Several studies have addressed the TRBP-mediated maturation of specific miRNAs and its effect on downstream pathways. It was reported that the TRBP-mediated maturation of miR-208a decreased the expression level of SRY-Box Transcription Factor 6 (Sox6), which is required for normal heart function . It was also reported that disruptions of TRBP-dependent maturations of tumor suppressor certain miRNAs (TS-miRs), miR-143 and miR-145, were related to the self-renewal and tumor maintenance of cancer stem cells . These results suggest that TRBP regulates biogenesis and the downstream gene regulatory pathways of specific miRNAs.
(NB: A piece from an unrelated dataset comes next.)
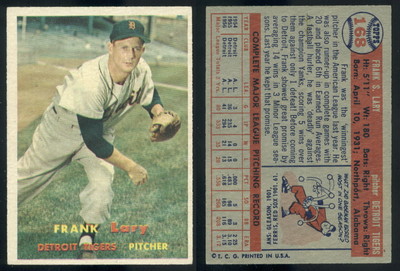 50914) 1957 Topps 168 Frank Lary Tigers-EM | eBay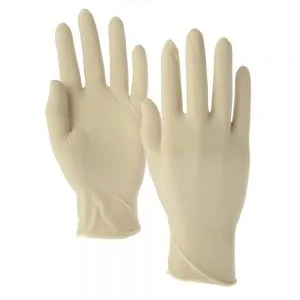 Disposable Latex Gloves (Box of 100)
In virus infected mammalian cells, virus-derived RNAs are captured by viral sensor proteins such as retinoic acid-inducible gene I-like receptors (RLRs), inducing the production of type I interferon . Recently, we reported that the TRBP-mediated maturations of pre-miRNAs were inhibited through the competitive binding of the laboratory of genetics and physiology 2 (LGP2) to Dicer–TRBP interaction during Sendai virus infection . Interferons enhanced the expression of LGP2, which interacted with TRBP to inhibit the Dicer–TRBP interaction . Following LGP2-dependent inhibition of Dicer–TRBP interaction, the maturations of TRBP-bound pre-miRNAs, including miR-106b, were suppressed. The inhibition of the maturation of such miRNAs increased the expression of apoptosis-related genes downstream of miRNA processing. This finding suggested that the crosstalk between antiviral response and miRNA biogenesis is regulated by TRBP binding to the specific pre-miRNAs.